Hofstadter’s Law [1]: “It always takes longer than you expect, even when you take into account Hofstadter’s law.”

This little recursive nugget of wisdom can be stated simply as, “It always takes longer than you think.” That’s an unfortunate truth both in planning projects and setting goals for your life. When you don’t have all the information available, it becomes almost impossible to predict how long you will take to finish.

But how do you set deadlines when predicting the time you need is almost impossible? I don’t believe you should abandon deadlines entirely. Although some people work well without constraints on timing, I would say they are in the minority, not majority. I’ve already written about some of the benefits of using deadlines in this article. Now I’d like to tackle how to plan deadlines when timing is unknown.

Using Deadlines as a Creative Constraint

Coming up with ideas for articles is difficult. Not because I have too few ideas, but because I need to put each through a ruthless threshold of constraints before I start writing. I could come up with hundreds of article ideas and only have one or two that pass. Most creative people I know work the same way with an endless volume of ideas and a brutal filter to eliminate 99% of them.

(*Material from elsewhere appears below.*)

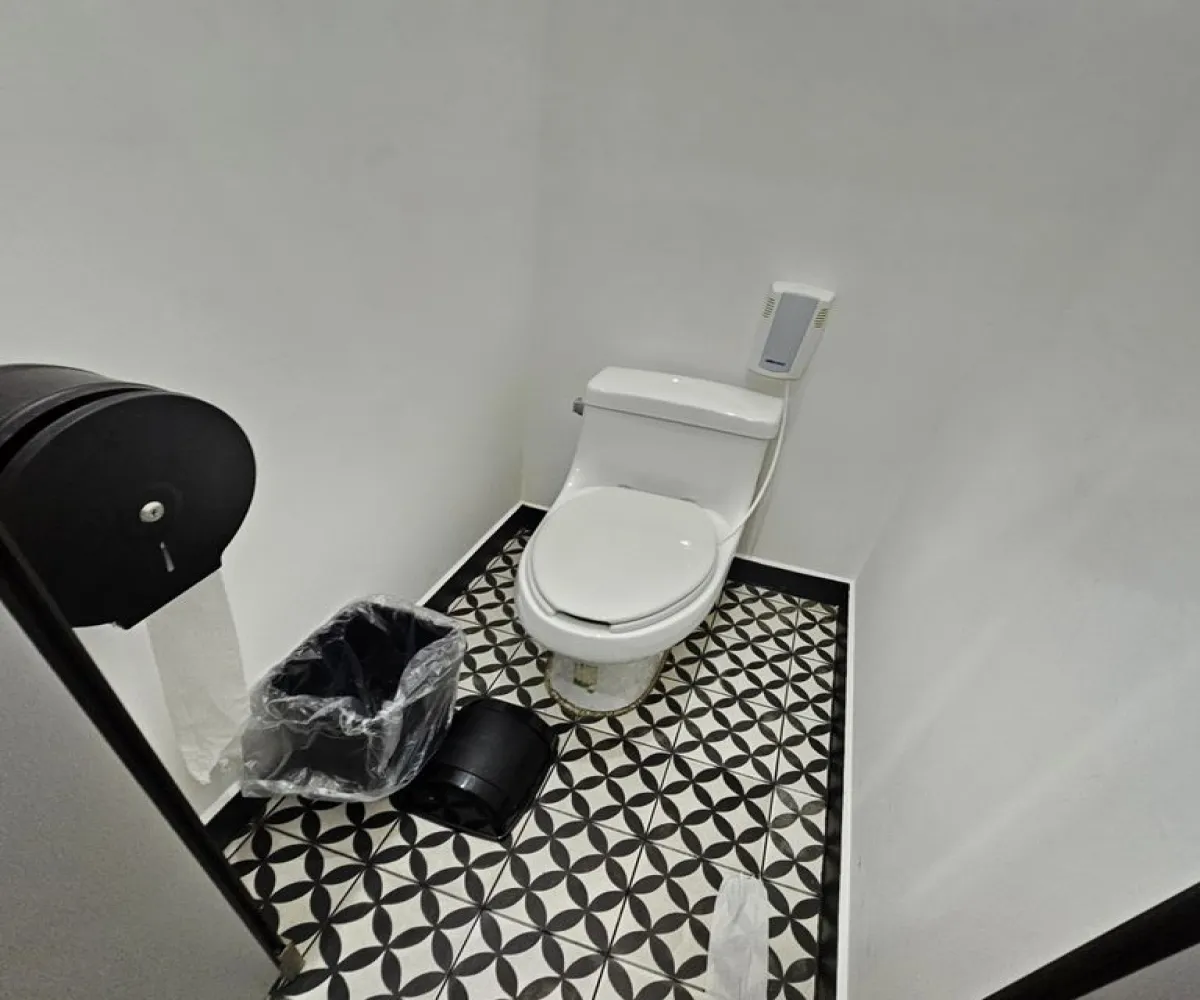 Local En Renta,Fracc Valle Real,Avenida Santa Margarita 4099 C16 y C17, Zapopan, Jalisco 45019,5 Baños,Avenida Santa Margarita,1,pdzzVJK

Deadlines are a good aspect of that filter. They can cut off ideas that sound good but don’t fit into a practical timeline. Deadlines can be an extra layer to the filter you use to implement ideas.

Deadline Before Planning

The way to stop Hofstadter’s ever expanding project size is to set a firm deadline before you start planning how to do it. By deciding you want a certain outcome by a particular time, you immediately narrow down the base of ideas. Cutting out the frivolous and lengthy ideas.

Whenever I start a big project that will take months, I start with the deadline. I set a firm six-month deadline for this software program, and I had less than a month when completing my e-book, How to Change a Habit [2]. Whenever you have considerable complexity in a project, a hard deadline focuses your ideas.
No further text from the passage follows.